If the ball is shown by video evidence to have bounced it doesn't automatically suggest the fielder cheated. There is a grey area where the fielder doesn't actually see the ball when contact is made with his or her hands.

I think the logical next step would be for that fielder to have some self doubt the next time he or she claims a catch thus deferring the decision to a technological review which in all likelihood will deem it not out unless it is clearly seen to be a clean catch.

Ed said...

It's perfectly ok to disagree!!

I think we're actually agreeing though, or certainly not far off! I agree there are times that the fielder isn't sure if the ball carried - I think what I'm suggesting is that if things change so that the batsman isn't going to automatically be ruled not out for very low catches when TV replays are used, then there is no reason for a fielder to claim a low catch. They should do as you suggest and say they aren't 100% sure to the umpires who will call for the technology (exactly as Ponting did).

As the technology will only give it not out if it has definitely bounced, there is no incentive for a fielder to claim one that bounces, so the only reason they would do that is to try to avoid the use of technology altogether. That would be low and as a result would deserve a ban from the game.

Andrew said...

I'm inclined to cut the ICC some slack on this one. Neither of the solutions you and The Roar offer are clear-cut ways to solve this problem. They have their advantages, but also plenty of room for confusion, and unless the ICC can see a solution that obviously improves things, I think they're entitled not to make changes.

Of course you can make the argument that they have to try things, but do we want international cricket to turn into a testing ground for every speculative new law? It's not something that has worked well in the past.

Ed said...

I like your second point - completely agree that changes should be tested elsewhere first rather than in Test cricket.

I'm not sure what confusion my proposed solution on low catches could cause, but with any change those that oppose it will of course try to create reasons why it doesn't work. That's why the ICC need to show strong leadership. I'll put it in the "it will happen in future but the cricketing world isn't quite ready for it yet" locker, along with the use of technology for any decision umpires wish to use it for, rather than this strange system of referrals! Or I suppose it's possible technology will improve enough that low catches can be adjudicated on properly.

Andrew said...

Maybe it's just me then, but I spent quite a while trying to figure your proposal out. It's also not impossible to forsee a row about a player being banned for what the authorities feel was blatantly not a catch, whereas he was convinced it was.
My point was basically that, yes the current system has a problematic grey area, but I have yet to see a proposal that doesn't. Better the devil you know.

Alternative possibilities? Stop using replays for catches til the technology improves, or give the benefit of the doubt to the bowler. Neither is entirely satisfactory though, which takes me back to my point.

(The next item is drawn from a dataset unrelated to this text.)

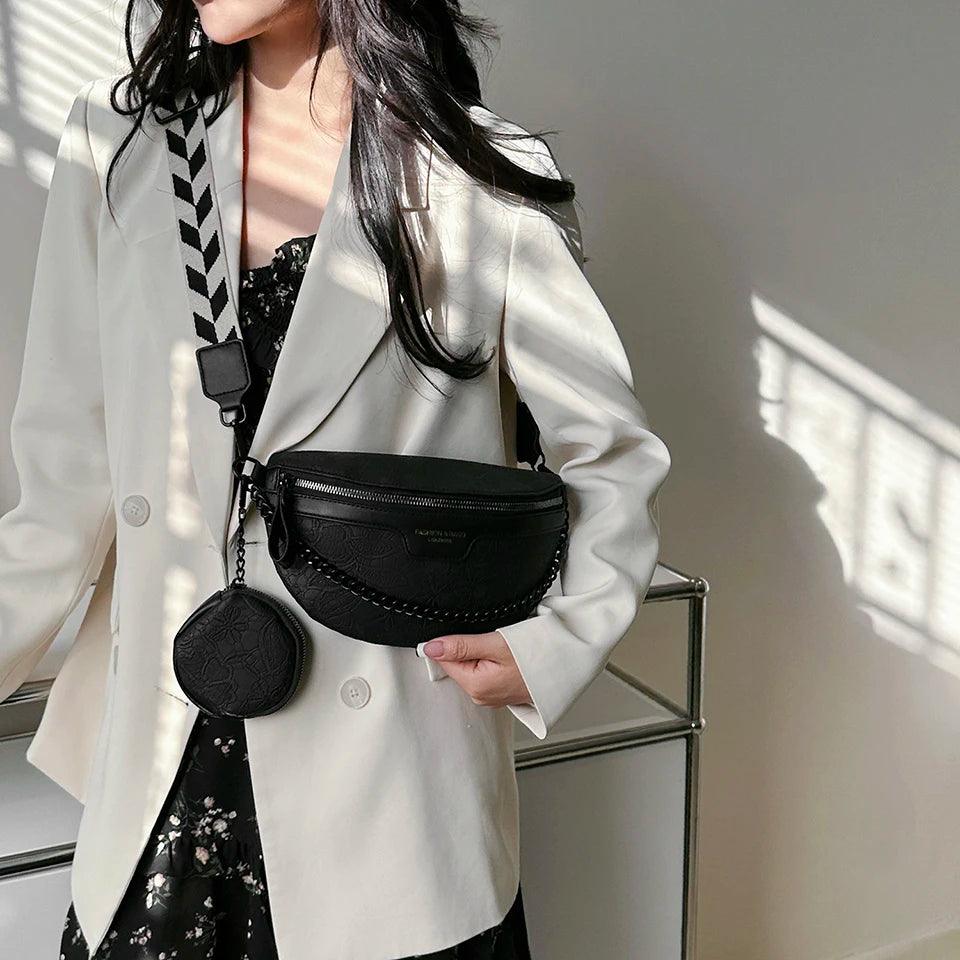Bolsa Transversal Nouk Preto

As for the ICC, I don't think they ever show much leadership, but I don't think this is related to that. Change doesn't in itself equal leadership. Show me a definitive solution and I'll criticise them for not implementing it. Until then, one could argue they're being decisive by not tampering with the game everytime there's a controversy.

Andrew said...

Plus, ban or no ban, what professional cricketer is ever going to admit he's in doubt about a catch? For every one you see (I remember Damien Martyn doing so about ten years ago), there are dozens more who don't.

Ed said...

I think I've explained it very badly because I was trying to propose giving the benefit of the doubt to the fielding side! I've found an alternative post where I've Burbled about it before which may (but probably won't!) explain it better. Seems so logical to me, but obviously not to everybody (story of many of my theories)!

I'd hope that if the benefit of doubt went to the fielder, you'd see plenty of people saying they are unsure - rather that than risk the humiliation of trial by TV and years of recriminations via the media....especially when you add the threat of a ban on top of that. But perhaps I'm being idealistic.

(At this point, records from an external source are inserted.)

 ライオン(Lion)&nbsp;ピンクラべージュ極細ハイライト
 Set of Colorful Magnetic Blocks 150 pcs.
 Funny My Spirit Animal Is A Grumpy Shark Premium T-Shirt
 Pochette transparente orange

Re the ICC, I agree that doing nothing can be good leadership. They've just ballsed up the key big issues in the last decade which means that I've lost confidence in their ability to lead. And the reason they've ballsed them up is that they've dithered over significant changes required (technology isn't going to go away). For me, low catches is something that needed to be addressed after Vaughan caught Amla and he wasn't given, if not before - that wrong decision contributed to the result of the match which contributed to Vaughan resigning.

Andrew said...

It's a fair point, and it is a prominent issue that's not going away. I just don't know what they can do that's obviously going to make things better at this stage.